WHAT TO PRODUCE. Return the records exactly, keeping every line as it is.

Records from a data source
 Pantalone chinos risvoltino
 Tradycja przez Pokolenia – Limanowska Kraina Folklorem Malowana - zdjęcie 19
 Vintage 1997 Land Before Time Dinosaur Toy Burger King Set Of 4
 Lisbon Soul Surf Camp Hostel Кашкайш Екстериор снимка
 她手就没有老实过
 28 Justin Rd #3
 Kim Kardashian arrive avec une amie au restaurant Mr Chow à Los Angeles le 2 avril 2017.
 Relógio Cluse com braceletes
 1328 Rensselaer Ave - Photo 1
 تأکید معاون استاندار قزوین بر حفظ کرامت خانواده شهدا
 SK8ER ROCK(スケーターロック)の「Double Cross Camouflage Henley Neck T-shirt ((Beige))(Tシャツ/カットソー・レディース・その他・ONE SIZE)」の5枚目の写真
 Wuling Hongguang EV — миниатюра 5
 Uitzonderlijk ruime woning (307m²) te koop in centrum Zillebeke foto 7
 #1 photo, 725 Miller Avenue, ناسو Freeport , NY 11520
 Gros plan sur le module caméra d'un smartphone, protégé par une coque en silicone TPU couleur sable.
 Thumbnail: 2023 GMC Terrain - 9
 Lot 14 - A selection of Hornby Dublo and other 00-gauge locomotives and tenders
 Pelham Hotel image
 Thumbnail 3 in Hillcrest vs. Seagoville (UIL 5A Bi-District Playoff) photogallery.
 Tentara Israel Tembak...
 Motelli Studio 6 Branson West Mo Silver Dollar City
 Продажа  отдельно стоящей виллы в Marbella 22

WRITTEN ANSWER.
 Pantalone chinos risvoltino
 Tradycja przez Pokolenia – Limanowska Kraina Folklorem Malowana - zdjęcie 19
 Vintage 1997 Land Before Time Dinosaur Toy Burger King Set Of 4
 Lisbon Soul Surf Camp Hostel Кашкайш Екстериор снимка
 她手就没有老实过
 28 Justin Rd #3
 Kim Kardashian arrive avec une amie au restaurant Mr Chow à Los Angeles le 2 avril 2017.
 Relógio Cluse com braceletes
 1328 Rensselaer Ave - Photo 1
 تأکید معاون استاندار قزوین بر حفظ کرامت خانواده شهدا
 SK8ER ROCK(スケーターロック)の「Double Cross Camouflage Henley Neck T-shirt ((Beige))(Tシャツ/カットソー・レディース・その他・ONE SIZE)」の5枚目の写真
 Wuling Hongguang EV — миниатюра 5
 Uitzonderlijk ruime woning (307m²) te koop in centrum Zillebeke foto 7
 #1 photo, 725 Miller Avenue, ناسو Freeport , NY 11520
 Gros plan sur le module caméra d'un smartphone, protégé par une coque en silicone TPU couleur sable.
 Thumbnail: 2023 GMC Terrain - 9
 Lot 14 - A selection of Hornby Dublo and other 00-gauge locomotives and tenders
 Pelham Hotel image
 Thumbnail 3 in Hillcrest vs. Seagoville (UIL 5A Bi-District Playoff) photogallery.
 Tentara Israel Tembak...
 Motelli Studio 6 Branson West Mo Silver Dollar City
 Продажа  отдельно стоящей виллы в Marbella 22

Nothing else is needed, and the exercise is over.